When it comes to manufacturing and marketing a product, quality is key. For this reason, many companies invest in leak testing methods and equipment to prove the integrity of their products to consumers and safety organizations. Most find that these leak testing services are well-worth the investment: because popular types of leak testing equipment, such as vacuum leak detection equipment, use affordable and plentiful gases like air to check for leaks, they are relatively inexpensive to use while also proving a product’s efficacy. This can help prevent the loss of reputation and economic damage that might be caused by selling malfunctioning or low-quality goods. Unfortunately, one prominent automaker may need to switch to a better leak testing service after several recent recalls jeopardized their stock prices.

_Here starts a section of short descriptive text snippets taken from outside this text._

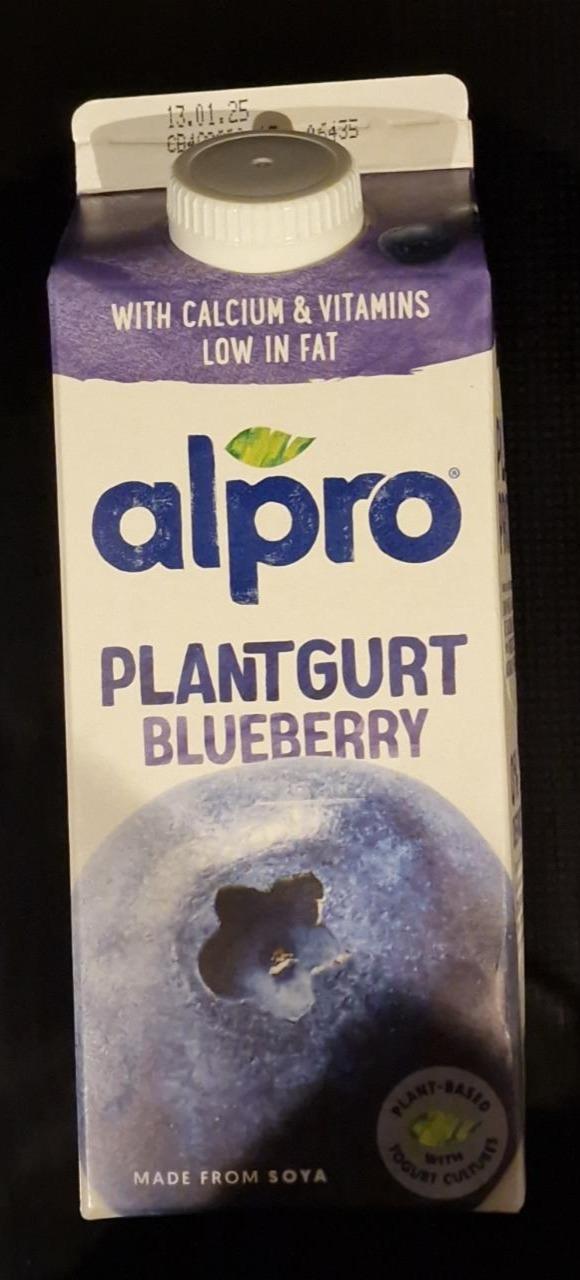 Képek - Plantgurt blueberry with calcium & vitamins low in fat Alpro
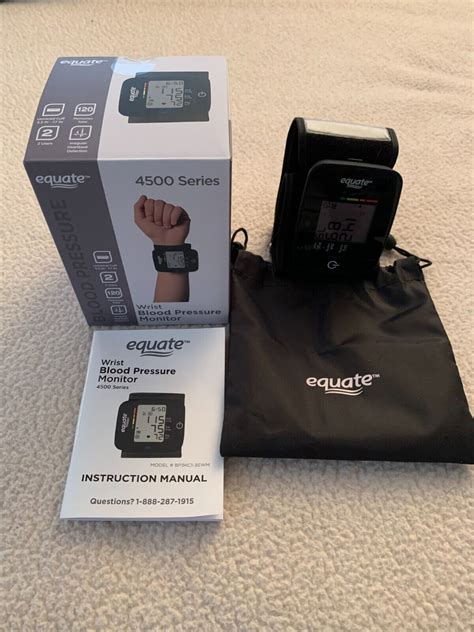 Equate 4500 Series Wrist Blood Pressure Monitor Brand New Adjustable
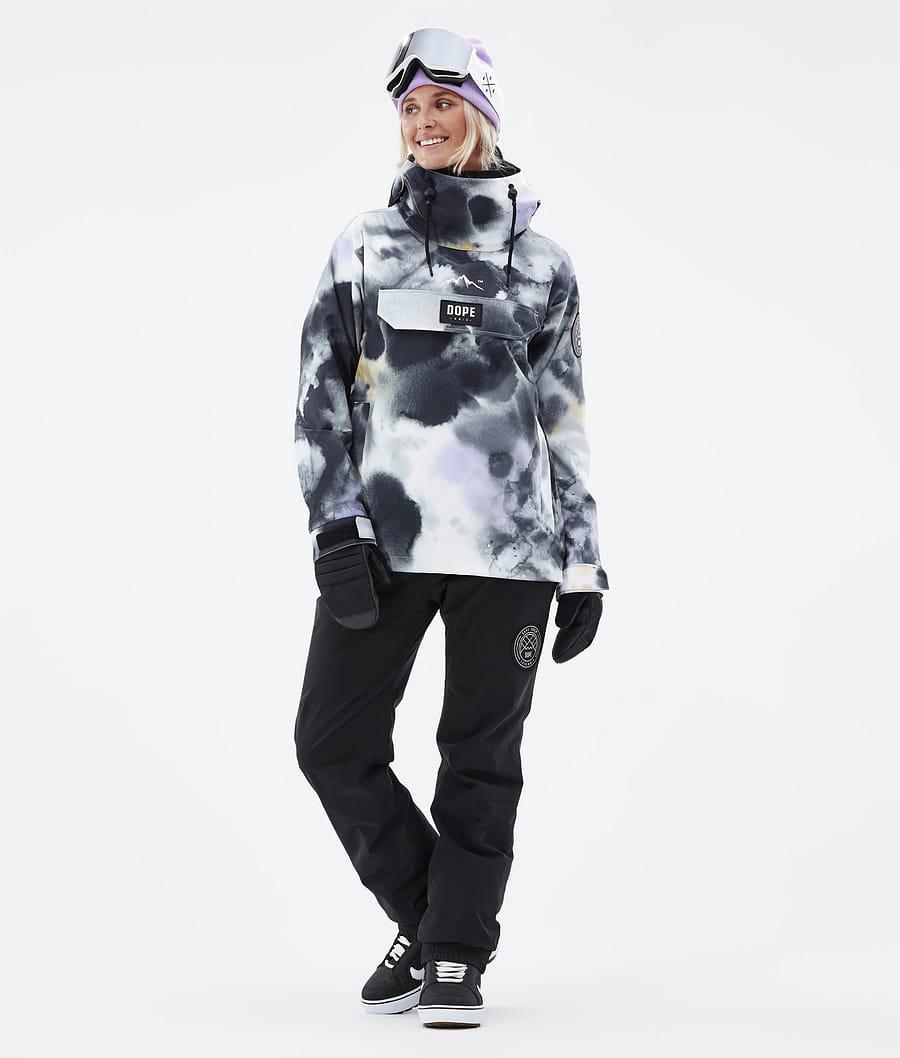 Women's Dope Blizzard W Snowboard Jacket Tiedye Black Purple  USA |  XRVOU-0598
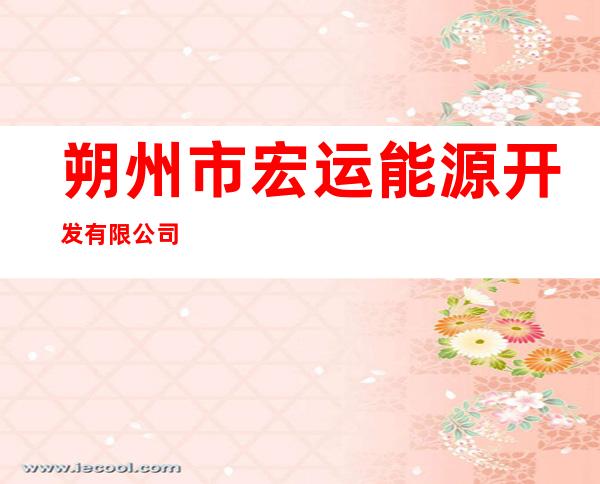 朔州市宏运能源开发有限公司
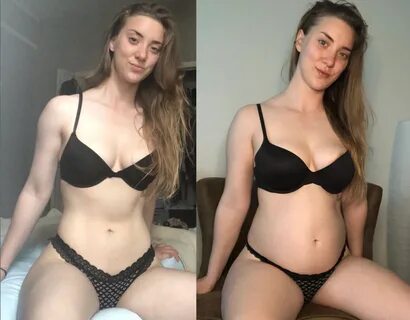 July 2019 vs. Now: I have gained 20lbs since then (126lbs in the before). 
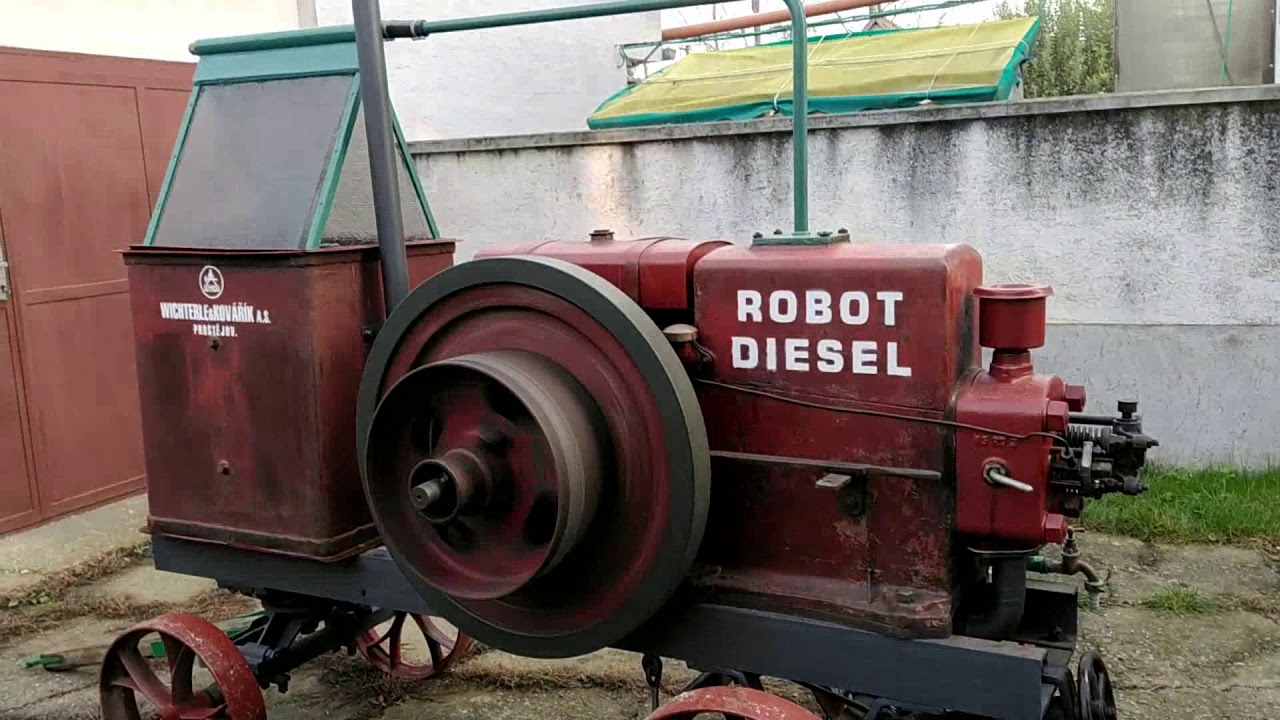 OLD STATIONARY ENGINE, Wichterle & Kovarik, 14 HP, r.v. 1938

Toyota, Japan’s leading automobile manufacturer, was recently forced to recall approximately 1.67 million vehicles around the world in late October. The company announced that it needed to check for defects in cars manufactured between January 2005 and September 2010, including faulty brake lines and fuel components. Toyota had discovered that many vehicles made during this period had issues with their fuel delivery lines, putting drivers at risk of leaking fuel and potential combustion. To make matters worse, Toyota has also had to issue further recalls for other problematic vehicles: there have been reports of defective brake systems in Crown Majesta, Crown, Noah and Voxy models released between June 2007 and June 2012, while older-model versions of the Lexus SC, Corolla, Matrix, Sequoia and Tundra have been linked to engine and crash bag failures. At this point, Toyota has had to recall 5,273,802 vehicles sold in the United States in 18 separate recalls.
As with most recalls, the recalls are all voluntary, and many of the problems likely have simple solutions: in the October 2014 recall, for example, technicians would simply need to replace a rubber seal ring in the brake master cylinder, which should prevent the brake fluid from leaking. Unfortunately, Toyota’s reputation and worth have suffered significantly because of these events: in Japan, the company’s shares have reportedly been down-trading at a rate of 0.03%, with shares closing at 5,990 yen. Experts have hesitantly theorized that the fourth quarter could change things, but with the many recalls in process, the company will likely need to prove themselves in 2015 to turn things around. In light of this difficulty, Toyota may need to consider a different form of leak testing, such as vacuum leak detection equipment or other leak testing methods, which can be used to check for leaking brake fluid. In many cases, custom leak tests can even be designed to allow vacuum leak detection equipment and other apparatuses to identify problems with a variety of different products. However, in spite of their difficulty, Toyota deserves praise for taking precautions with their products after a year marked by a variety of other, more serious vehicle recalls and corporate secrets.